Consensus algorithms are at the core of distributed systems. How do you manage consistency across multiple servers or nodes?
The Raft Consensus Algorithm is a distributed system protocol that’s widely used (including by systems like Kubernetes, via etcd). It is equivalent in fault tolerance and consistency guarantees to Paxos, which is often seen as a more complex approach.
Here’s a simplification of the algorithm:
Overall design: Elect a leader among the servers, which is responsible for managing replication and ensuring that all followers have the same data. If the leader fails, the system elects a new leader.
Some of the steps (simplified)
Initialization:
All nodes start as followers
Elect a Leader
If a follower does not receive a heartbeat message from the leader within a certain time period, it becomes a candidate for leadership.

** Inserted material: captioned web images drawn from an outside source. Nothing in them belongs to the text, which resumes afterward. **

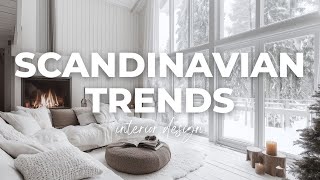 Scandinavian Trends 2025 in Interior Design HyggeInspired Ideas for a Cozy Home [upl. by Ettevol]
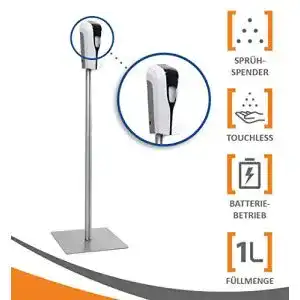 Desinfektionsspender sensor mymaxxi mobiler hand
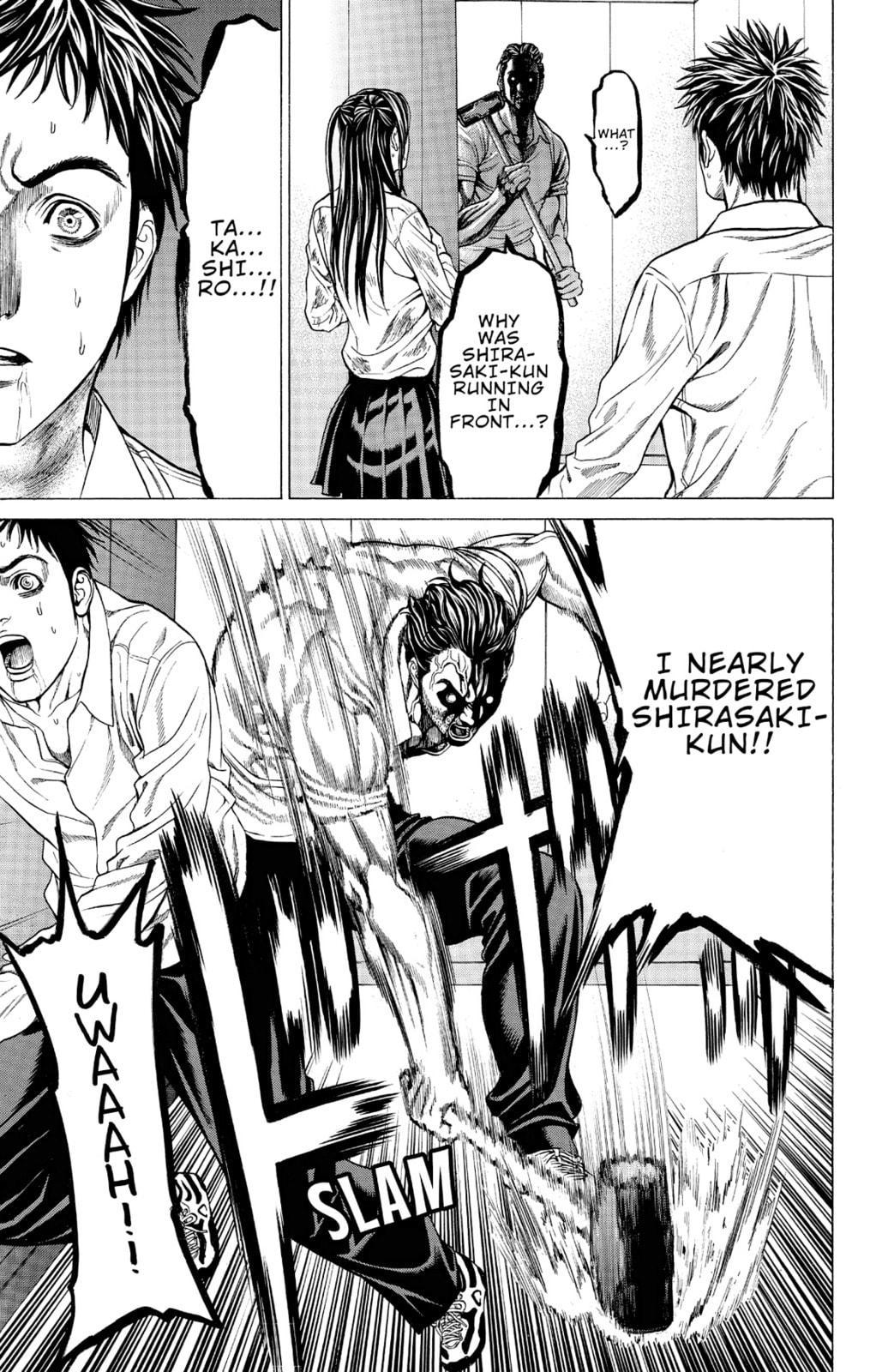 Read Creature! chapter 8 image 23 on Lezhin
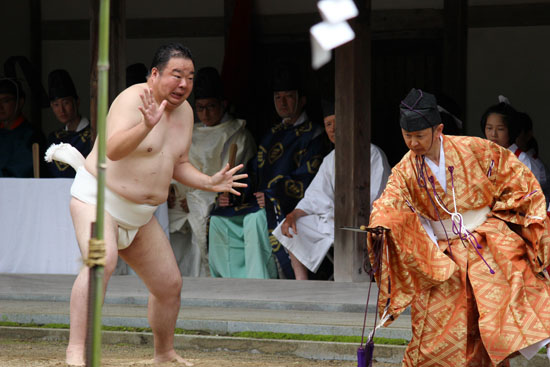 一人相撲の画像1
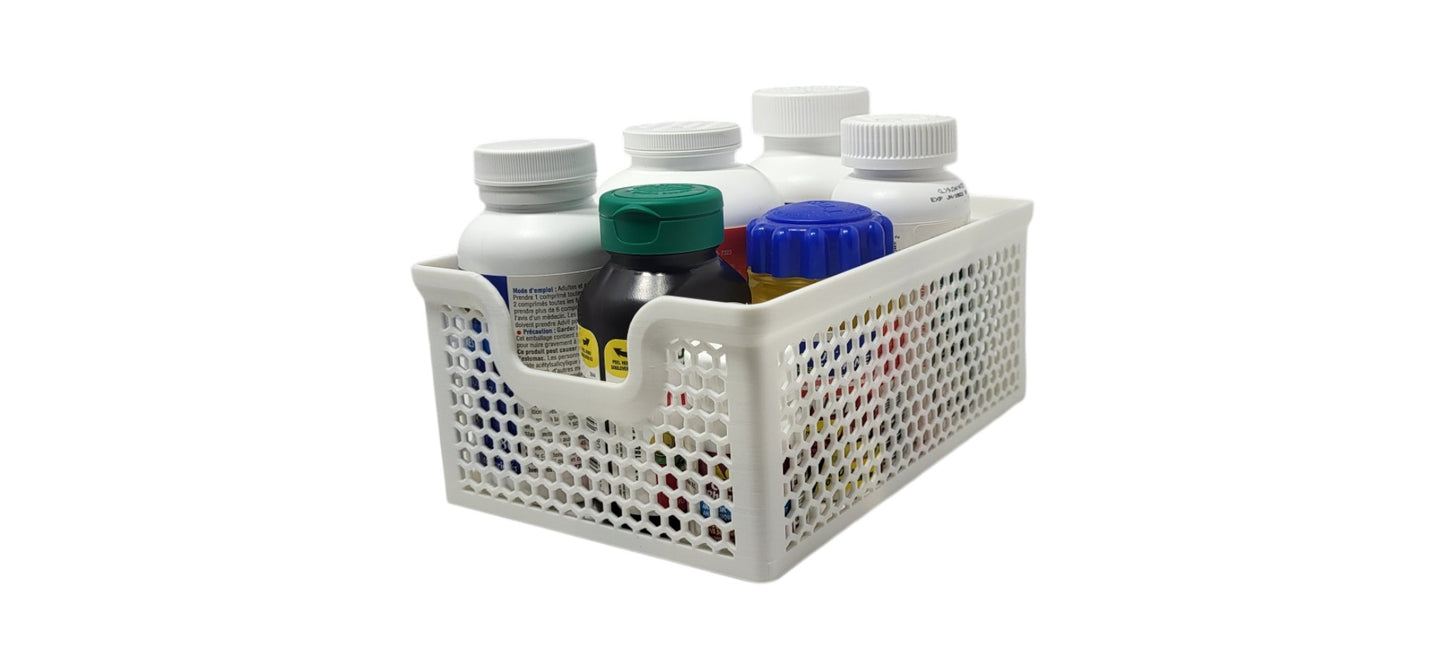 Bac de rangement polyvalent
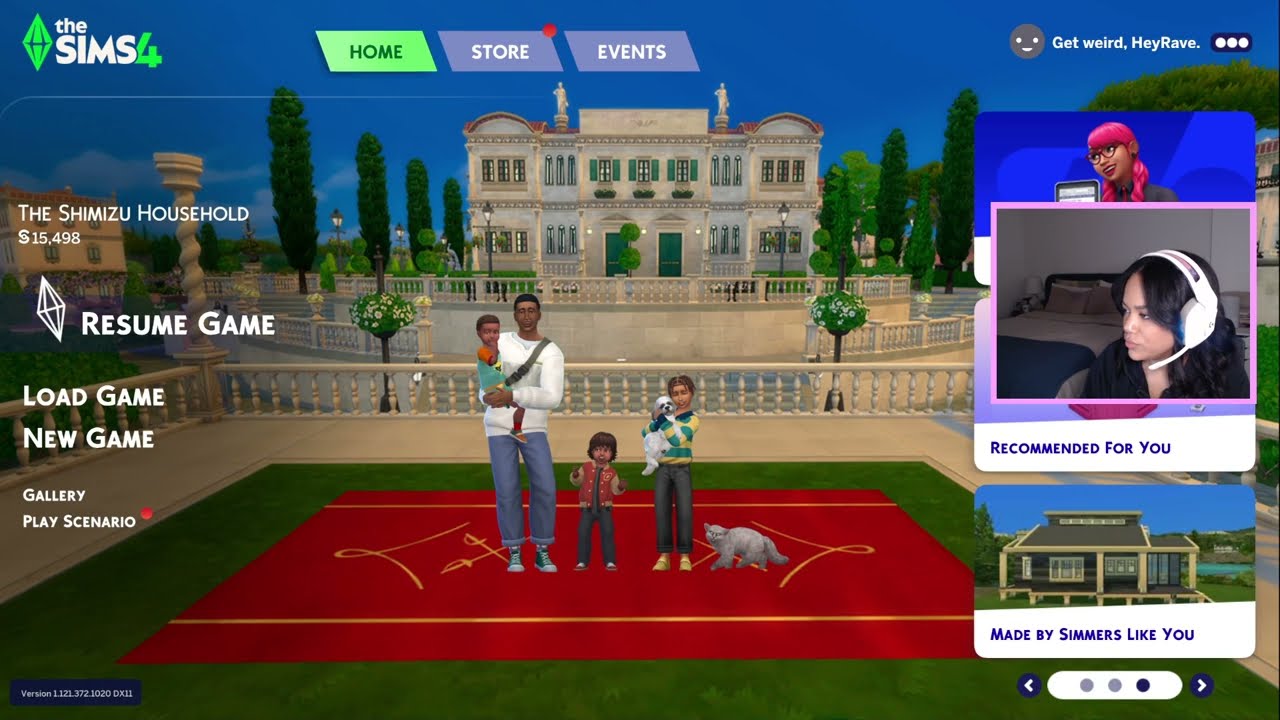 The Sims 4 | will Walt get his fairy tale ending? (Streamed 3/8/2026)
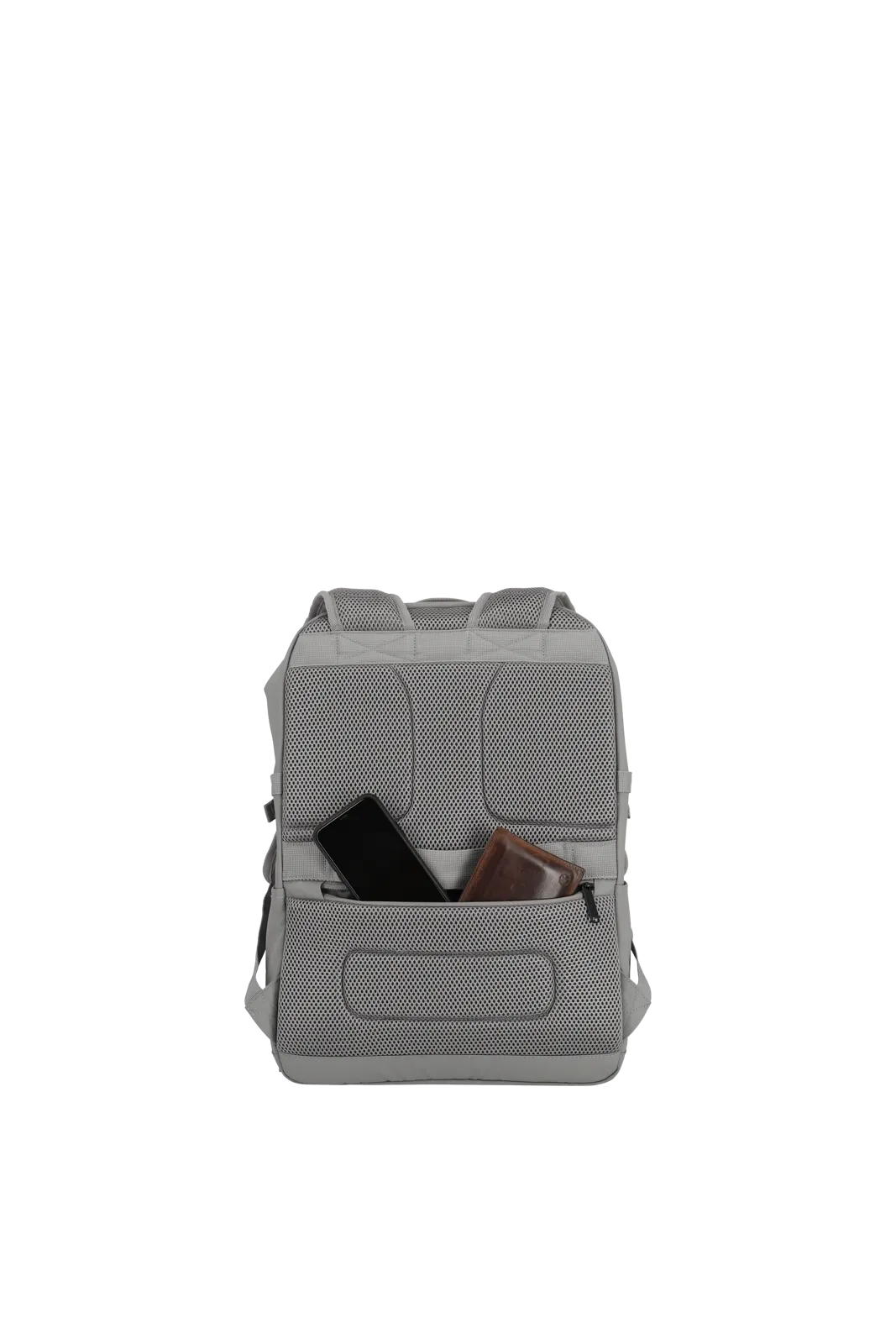 Travelite BASICS Rucksack, Hellgrau – Produktansicht 6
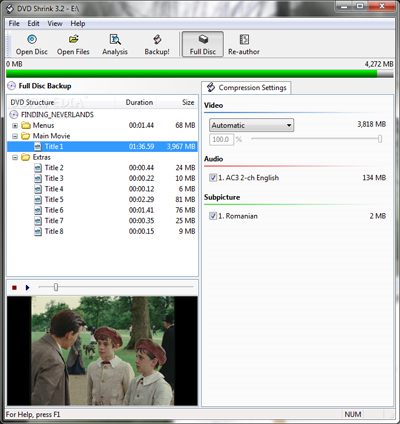 DVD Shrink 3.2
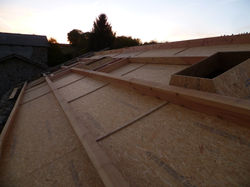 Rénovation toiture en Ardêche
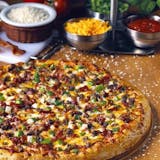 Beddar Cheddar Burger  Pizza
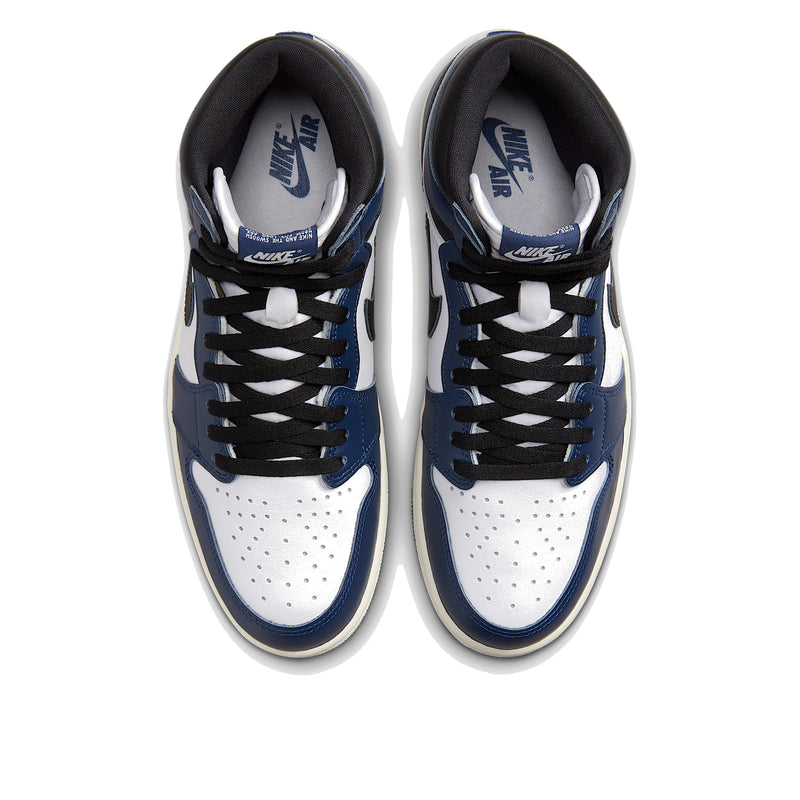 Jordan 1 Retro High OG Mid night Navy Men's Sneakers DZ5485-401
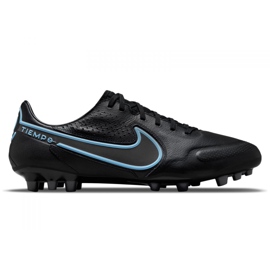 Nike Legend 9 Pro AG-Pro M DB0448-004 fodboldsko sort sort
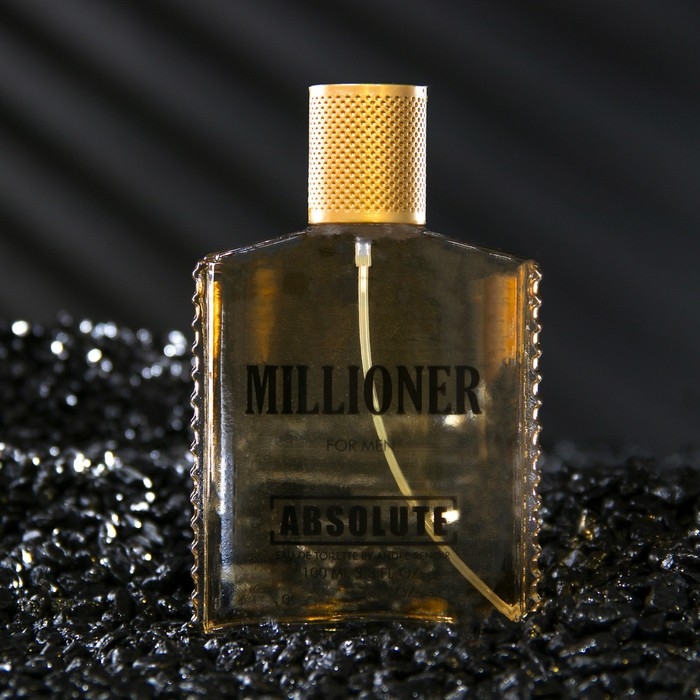 Туалетная вода мужская Absolute Millioner, 100 мл (по мотивам 1 Million (P.Rabanne)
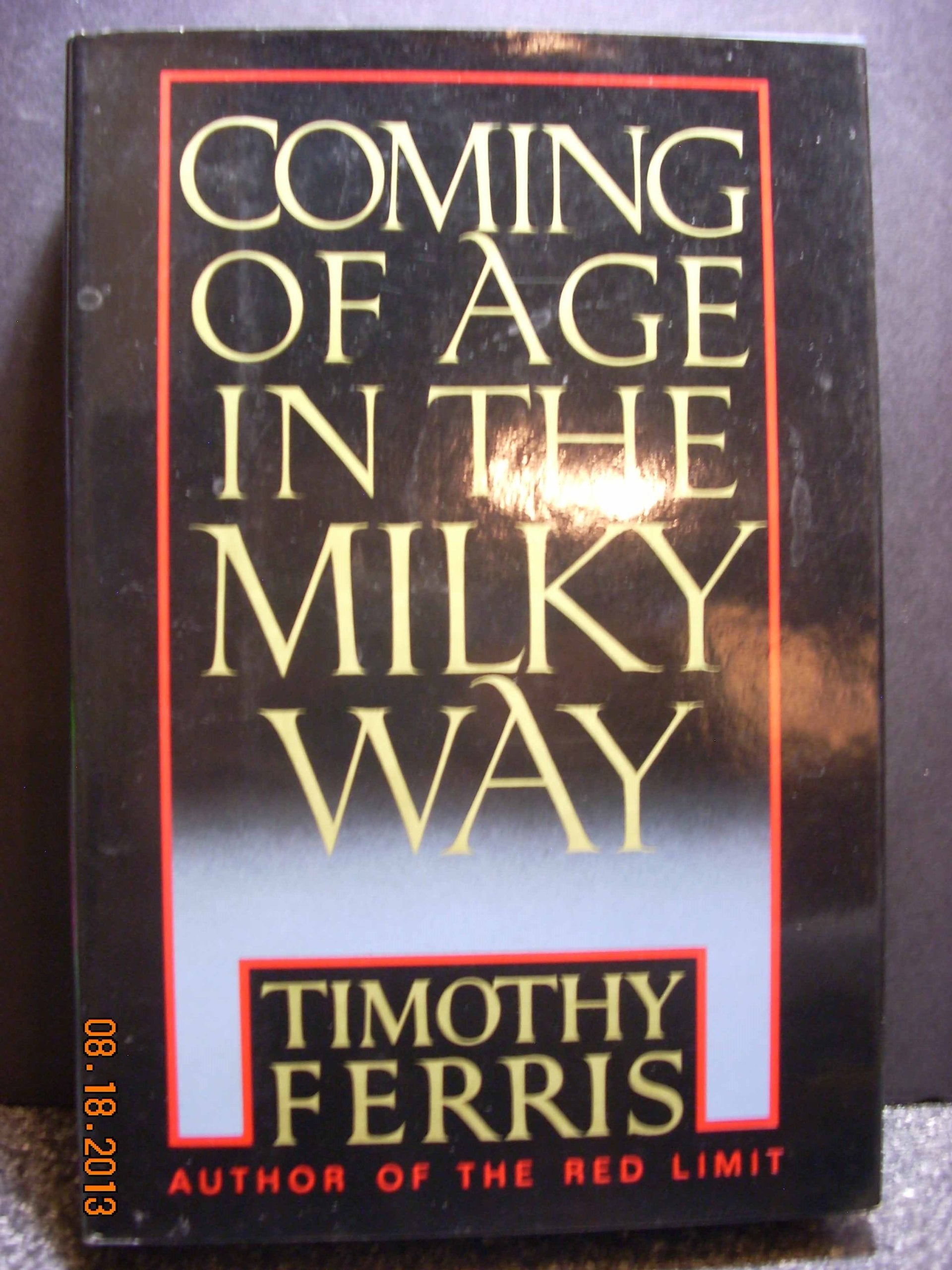 Coming of Age in the Milky Way Natural Sciences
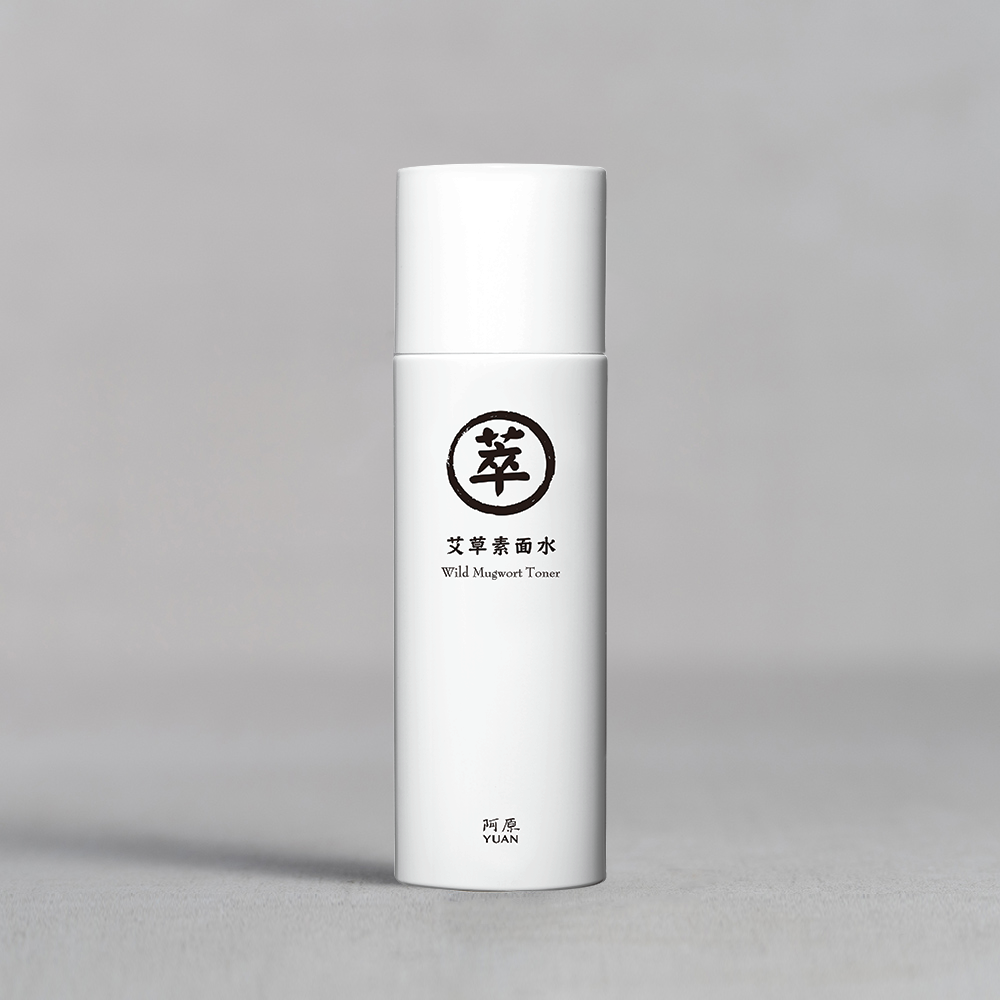 Mugwort Classic Herbal Toner by YUAN - Non-toxic Facial Care product rated SLOW by Million Marker, free from BPA, phthalates, and parabens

The candidate votes for itself and asks all other nodes for votes
A candidate becomes the leader if it gets a majority of votes
Replicate Logs
The leader accepts commands from clients and appends them to its log
It sends the logs to all followers
When the majority acknowledges the entry, the leader applies it to its own state machine and informs the clients.
Each step has many other nuances, but this is a very high-level description of the algorithm. The Raft paper is the best place for more information. And the etcd raft implementation is a good starting point if you’re more comfortable looking through the code.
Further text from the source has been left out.